Raw data:
============================================================

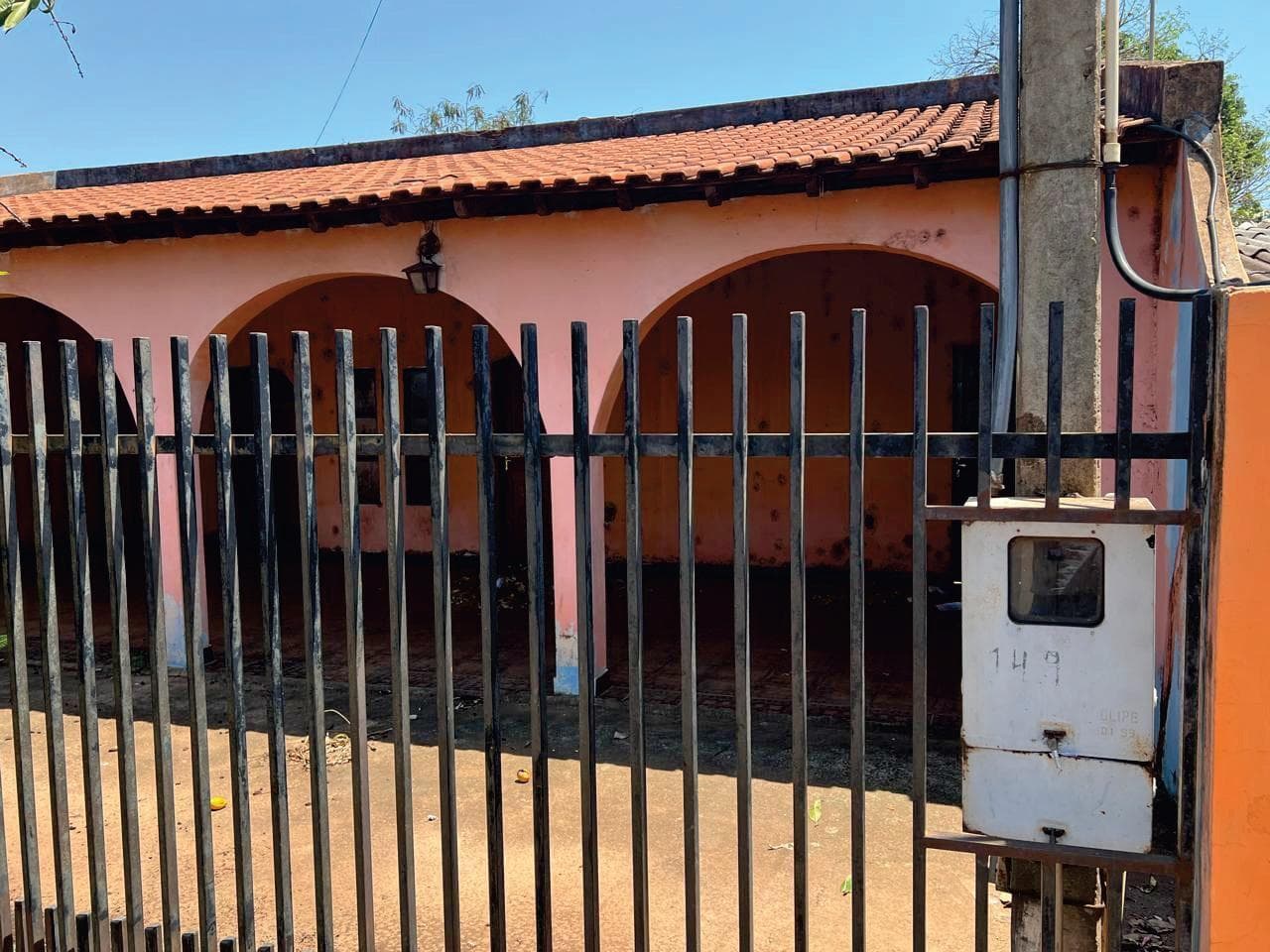 Foto 1 de 3: Terreno em leilão em Panorama - SP, bairro Potiguara — Imóvel residencial, A.T. 297m², A.C. 94m², Bairro Potiguara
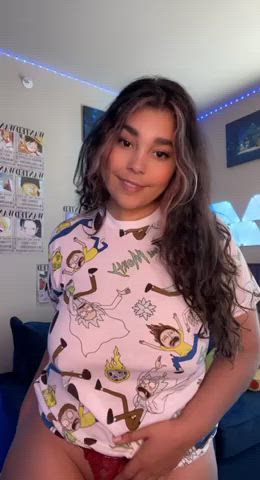 Cute enough to fuck on the first date? : video clip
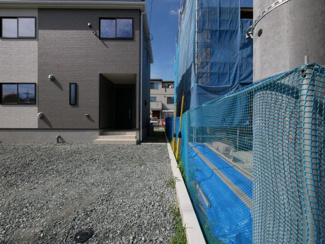 【周辺】 | 笛吹市石和町河内 新築戸建全2棟 2号棟 南道路・車並列3台 | 敷地東側境界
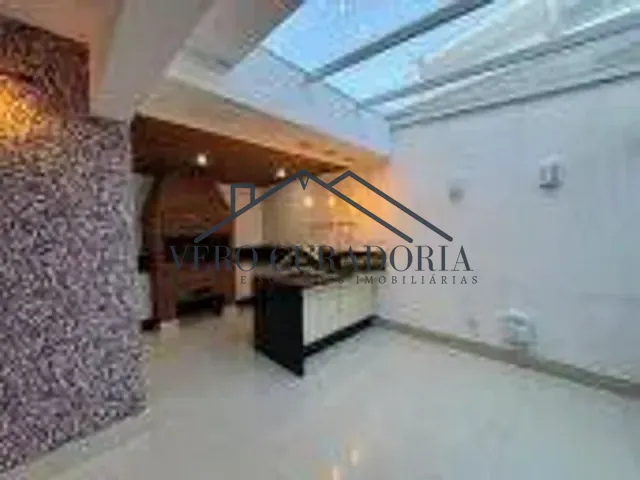 Casa com 300m² 3 quartos e 5 banheiros, à venda, no bairro Vila Oliveira em Mogi das Cruzes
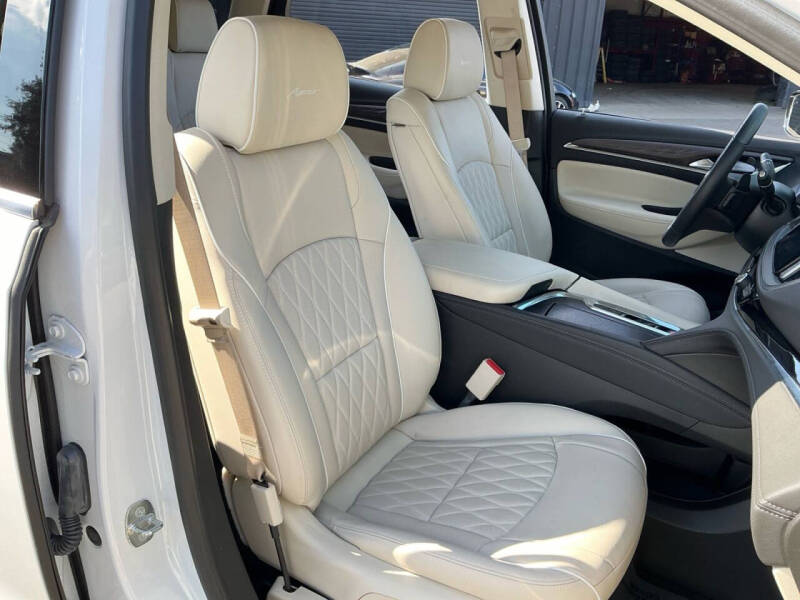 2023 Buick Enclave Avenir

============================================================

Your assignment: Reproduce exactly, with every picture left out, the lines from the one that contains "南道路・車並列3台 | 敷地東側境界" to the final line of the records above.

Written solution:
 【周辺】 | 笛吹市石和町河内 新築戸建全2棟 2号棟 南道路・車並列3台 | 敷地東側境界
 Casa com 300m² 3 quartos e 5 banheiros, à venda, no bairro Vila Oliveira em Mogi das Cruzes
 2023 Buick Enclave Avenir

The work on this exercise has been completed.